アダラートで血圧管理とDHAを含む食べ物で治療

日本人に限らず世界的にも多数の患者がいる高血圧は動脈硬化をはじめとする多様な疾患のリスクと伴うものとして早期発見、早期治療が求められる疾患の一つです。世界においても日本においてもその治療におけるガイドラインが設定されており、それに沿った治療が行われていくのが一般的です。その基本となるのは血圧を目標値に保つということと生活習慣に根ざした原因治療を行っていくというものであり、両者を同時並行で行うことによって合併症のリスクを下げながら根本治療を目指していきます。
日々の血圧管理にはアダラートのような一日に一回の服用でよいものが選ばれます。アダラートはそれ自体は半減期が短いものですが、徐放性の製品が登場したことによって血圧管理に容易に用いることができるようになりました。アダラートのように持続的に作用することによって服用回数を減らせることはコンプライアンスの向上に大きな寄与があります。また、半減期が短いアダラートを徐放剤として使用することで副作用が生じた場合にも速やかに薬剤が身体から除去されるというメリットがあります。

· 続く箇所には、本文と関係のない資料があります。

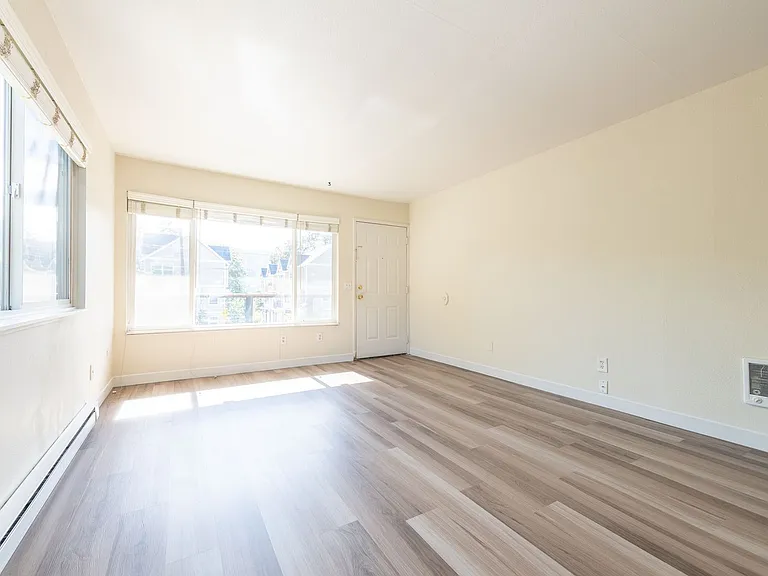 8819 N Edison St — Photo 7
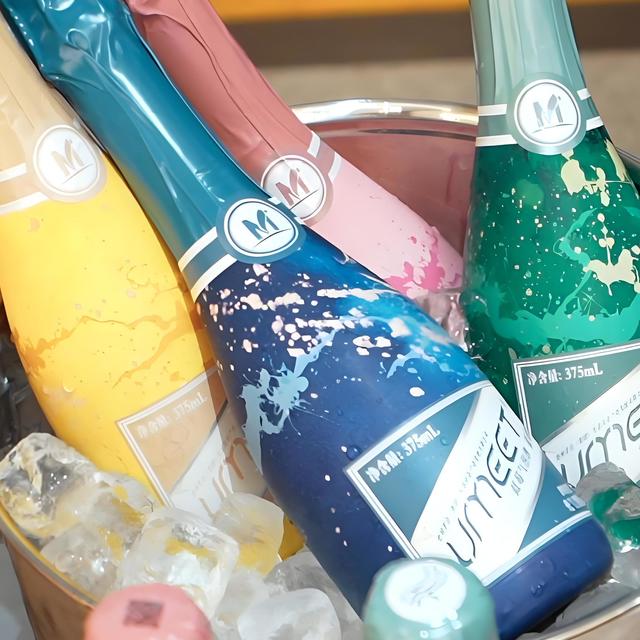 UMEET 蓝莓气泡酒，凭实力出圈的微醺新宠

一方、原因治療では減塩食や禁煙、禁酒が進められるのが基本となります。それに加えて摂取を進められる食べ物として野菜と青魚があります。野菜に多く含まれるカリウムには血圧を低下させる作用があり、青魚に含まれるDHAには動脈硬化のリスクを下げる効果があるからです。特にDHAは多様な健康効果が知られており、食べ物による積極的な摂取が進められています。しかし、一日に推奨される量を食べ物からとることが難しいことも多く、DHAを含有するサプリメントを摂取することによって毎日目標値に達せるようにするという人も増えてきています。